Gerhard Schröder wollte einst unbedingt Kanzler werden. Sieben Jahre später wollte Angela Merkel das gleiche noch viel unbedingter, sehr zum Leidwesen ihres Vorgängers, eines der zahllosen Männer, die Kohls Meisterschülerin unterschätzt hatten. Edmund Stoiber kam mit Müntefering zurecht und hat sich eine Menge darauf eingebildet. Die Kanzlerin kommt mit ihrem Vizekanzler noch viel besser zurecht, denn fürs erste hat sie sich in den Kopf gesetzt, dass die große Koalition ein Publikumserfolg werden soll. Diese Lebensstation ist ihr lieb und teuer. Deshalb gibt sie sich dezent sozialdemokratisch, von der Kernkraft bis zum Kombilohn.

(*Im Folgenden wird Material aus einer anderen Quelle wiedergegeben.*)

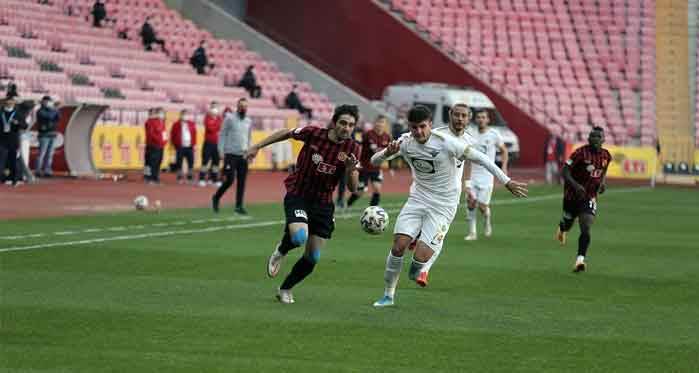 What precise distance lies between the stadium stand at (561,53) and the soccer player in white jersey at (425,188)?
38673mm

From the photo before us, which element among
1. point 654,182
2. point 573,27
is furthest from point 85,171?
point 573,27

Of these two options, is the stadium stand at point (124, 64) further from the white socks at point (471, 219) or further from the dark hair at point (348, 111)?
the dark hair at point (348, 111)

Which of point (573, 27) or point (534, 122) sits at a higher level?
point (573, 27)

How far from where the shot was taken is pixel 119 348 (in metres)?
9.49

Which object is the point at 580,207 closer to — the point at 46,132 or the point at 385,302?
the point at 385,302

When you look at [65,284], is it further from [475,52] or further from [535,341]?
[475,52]

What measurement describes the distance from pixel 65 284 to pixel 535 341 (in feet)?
17.2

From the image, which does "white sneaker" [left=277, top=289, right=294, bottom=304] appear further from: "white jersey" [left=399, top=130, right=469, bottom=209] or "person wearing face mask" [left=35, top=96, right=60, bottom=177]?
"person wearing face mask" [left=35, top=96, right=60, bottom=177]

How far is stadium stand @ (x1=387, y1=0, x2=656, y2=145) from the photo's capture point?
52281 millimetres

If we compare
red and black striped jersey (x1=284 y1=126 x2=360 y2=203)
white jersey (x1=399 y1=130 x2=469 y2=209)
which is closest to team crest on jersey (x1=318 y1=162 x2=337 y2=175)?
red and black striped jersey (x1=284 y1=126 x2=360 y2=203)

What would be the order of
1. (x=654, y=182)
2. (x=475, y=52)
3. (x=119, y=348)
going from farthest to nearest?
(x=475, y=52) < (x=654, y=182) < (x=119, y=348)

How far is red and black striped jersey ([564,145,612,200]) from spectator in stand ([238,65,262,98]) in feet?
98.3

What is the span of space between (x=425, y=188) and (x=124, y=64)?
30.3 m

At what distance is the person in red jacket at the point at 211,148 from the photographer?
1314 inches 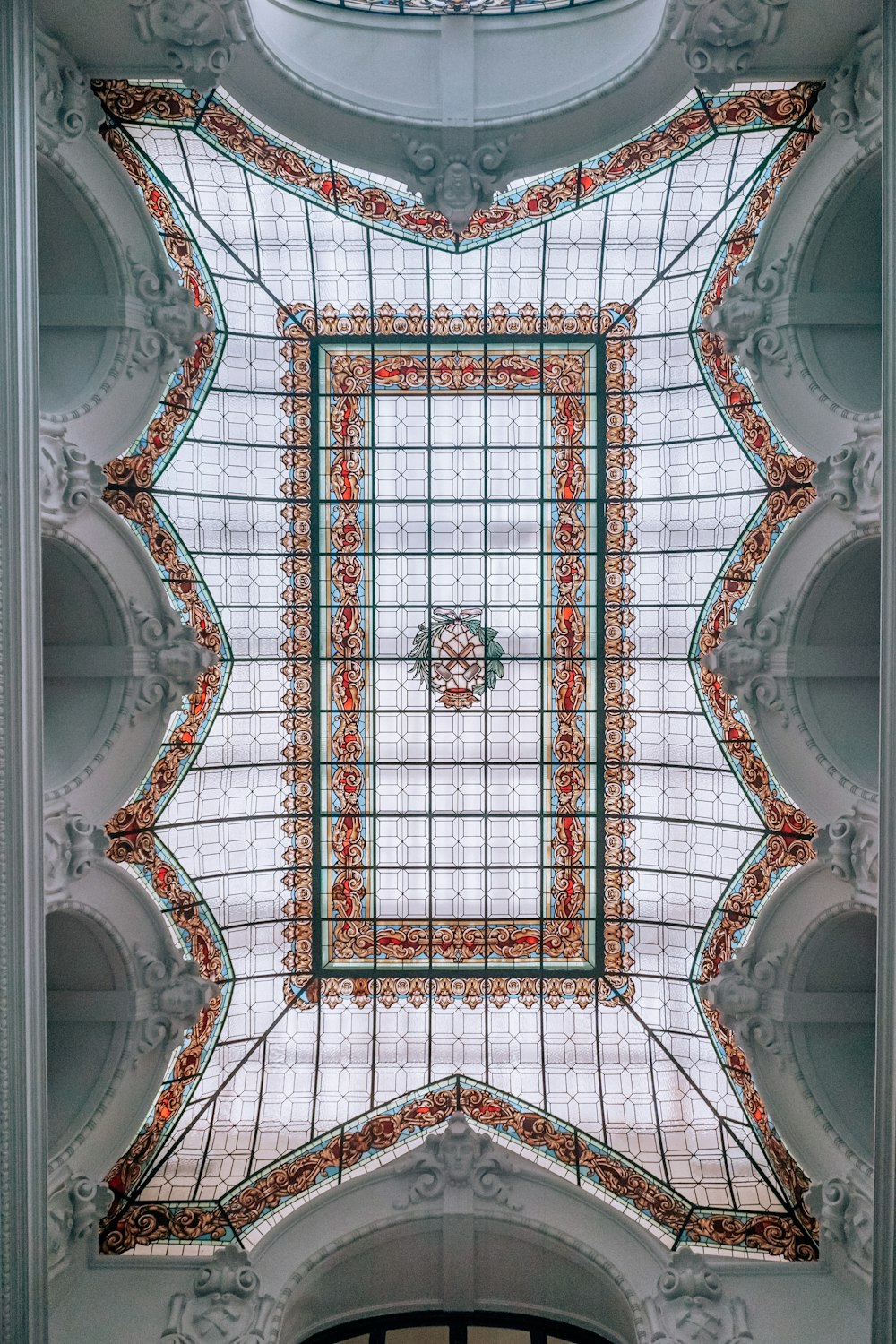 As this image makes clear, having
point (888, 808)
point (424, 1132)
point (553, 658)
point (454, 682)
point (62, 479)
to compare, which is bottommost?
point (424, 1132)

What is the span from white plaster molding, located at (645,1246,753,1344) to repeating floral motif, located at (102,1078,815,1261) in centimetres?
48

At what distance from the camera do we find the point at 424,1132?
12359mm

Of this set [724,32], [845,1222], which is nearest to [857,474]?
[724,32]

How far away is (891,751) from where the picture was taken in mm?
8938

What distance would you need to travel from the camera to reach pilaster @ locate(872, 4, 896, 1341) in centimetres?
849

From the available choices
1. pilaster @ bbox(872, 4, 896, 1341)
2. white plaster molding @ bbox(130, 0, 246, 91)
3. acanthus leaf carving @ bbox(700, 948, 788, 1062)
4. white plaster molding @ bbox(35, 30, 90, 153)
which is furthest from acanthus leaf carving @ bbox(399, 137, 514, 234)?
acanthus leaf carving @ bbox(700, 948, 788, 1062)

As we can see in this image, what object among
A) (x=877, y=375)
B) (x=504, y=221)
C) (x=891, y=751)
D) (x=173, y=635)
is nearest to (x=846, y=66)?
(x=877, y=375)

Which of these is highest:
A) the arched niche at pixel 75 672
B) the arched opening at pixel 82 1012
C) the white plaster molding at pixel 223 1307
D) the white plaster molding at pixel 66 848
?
the arched niche at pixel 75 672

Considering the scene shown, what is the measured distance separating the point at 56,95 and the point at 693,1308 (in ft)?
41.9

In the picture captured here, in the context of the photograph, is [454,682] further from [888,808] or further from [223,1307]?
[223,1307]

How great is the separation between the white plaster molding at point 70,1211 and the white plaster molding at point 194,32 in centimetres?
1058

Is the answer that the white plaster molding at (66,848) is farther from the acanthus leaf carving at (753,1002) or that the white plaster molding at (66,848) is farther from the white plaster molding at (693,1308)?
the white plaster molding at (693,1308)

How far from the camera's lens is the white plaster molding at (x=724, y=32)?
964 centimetres

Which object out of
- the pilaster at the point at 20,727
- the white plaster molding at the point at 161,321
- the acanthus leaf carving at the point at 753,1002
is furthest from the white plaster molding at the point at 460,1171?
the white plaster molding at the point at 161,321
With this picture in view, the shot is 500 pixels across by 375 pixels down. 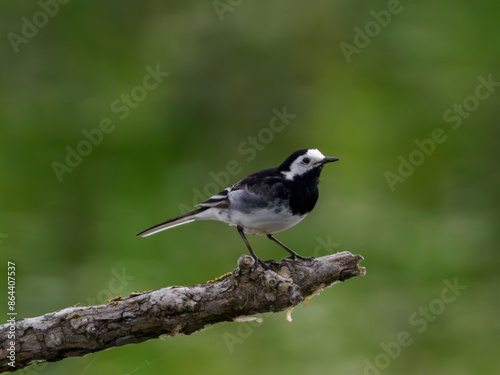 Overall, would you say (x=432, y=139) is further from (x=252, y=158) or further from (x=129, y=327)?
(x=129, y=327)

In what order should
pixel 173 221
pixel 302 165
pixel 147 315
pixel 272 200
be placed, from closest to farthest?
pixel 147 315
pixel 272 200
pixel 302 165
pixel 173 221

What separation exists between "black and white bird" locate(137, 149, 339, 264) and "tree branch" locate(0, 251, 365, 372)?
1.94ft

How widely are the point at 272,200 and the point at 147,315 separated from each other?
1.09 metres

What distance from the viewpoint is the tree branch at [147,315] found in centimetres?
346

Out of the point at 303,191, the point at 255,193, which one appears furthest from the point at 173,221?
the point at 303,191

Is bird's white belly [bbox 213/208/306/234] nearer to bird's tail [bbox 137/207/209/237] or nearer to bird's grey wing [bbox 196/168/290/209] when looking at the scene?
bird's grey wing [bbox 196/168/290/209]

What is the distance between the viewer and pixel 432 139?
920 centimetres

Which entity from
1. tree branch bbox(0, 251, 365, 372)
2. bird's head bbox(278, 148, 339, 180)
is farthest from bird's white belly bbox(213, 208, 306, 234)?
tree branch bbox(0, 251, 365, 372)

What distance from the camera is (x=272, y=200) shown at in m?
4.20

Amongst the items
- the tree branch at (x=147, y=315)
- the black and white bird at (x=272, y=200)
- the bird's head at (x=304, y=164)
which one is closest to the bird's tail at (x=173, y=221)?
the black and white bird at (x=272, y=200)

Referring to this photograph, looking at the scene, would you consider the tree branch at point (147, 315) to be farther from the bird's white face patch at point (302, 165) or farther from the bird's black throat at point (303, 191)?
Answer: the bird's white face patch at point (302, 165)

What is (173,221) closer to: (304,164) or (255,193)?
(255,193)

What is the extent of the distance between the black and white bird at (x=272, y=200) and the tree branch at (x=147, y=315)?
592 mm

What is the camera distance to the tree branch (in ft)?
11.3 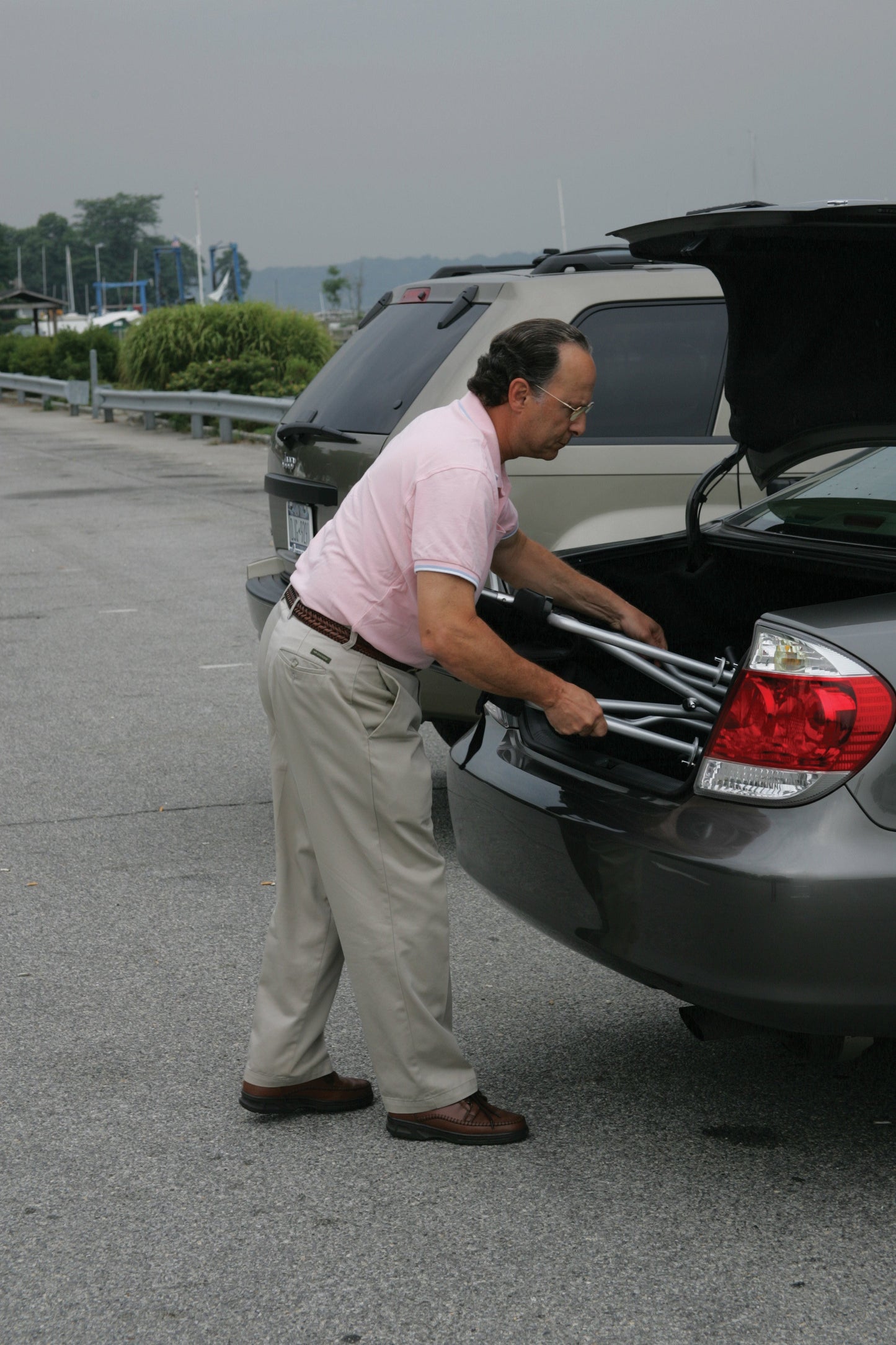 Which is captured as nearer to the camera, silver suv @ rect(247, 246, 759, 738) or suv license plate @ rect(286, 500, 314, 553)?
silver suv @ rect(247, 246, 759, 738)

Sollten es kluge Kollegen allmählich mit der Angst zu tun kriegen, kann das der Kanzlerin nur recht sein. Wie sie doch den schlauen Friedrich Merz rechts abserviert hat. Wie sie auf der gleichen Seite den bedeutenden Professor Kirchhof geheuert und gefeuert hat. Wie sie Schröder vertrieb. Wie sie dafür sorgte, dass ihrem politischen Bruder aus Bayern die Berliner Luft zu dünn wurde. Soviel steht fest: Sich mit Frau Merkel anzulegen, ist ein Unterfangen, das sorgfältiger Erwägung bedarf. Das sagte sich Exfreund Westerwelle, als er davon absah, im Bundestag die Regierungserklärung zu zerrupfen. Mit mildem Tadel begegnete er einer Frau, von der er hofft, dass sie ihn eines Tages wieder brauchen könnte. Merkel kann sogar schweigen. Sie teilt dem deutschen Volk einfach mit, dass seine Arbeit aus Wettbewerbsgründen entweder besser oder billiger werden müsse. Da liegt zwar der Hase im Pfeffer, doch ist diese Wahrheit keine sozialdemokratische.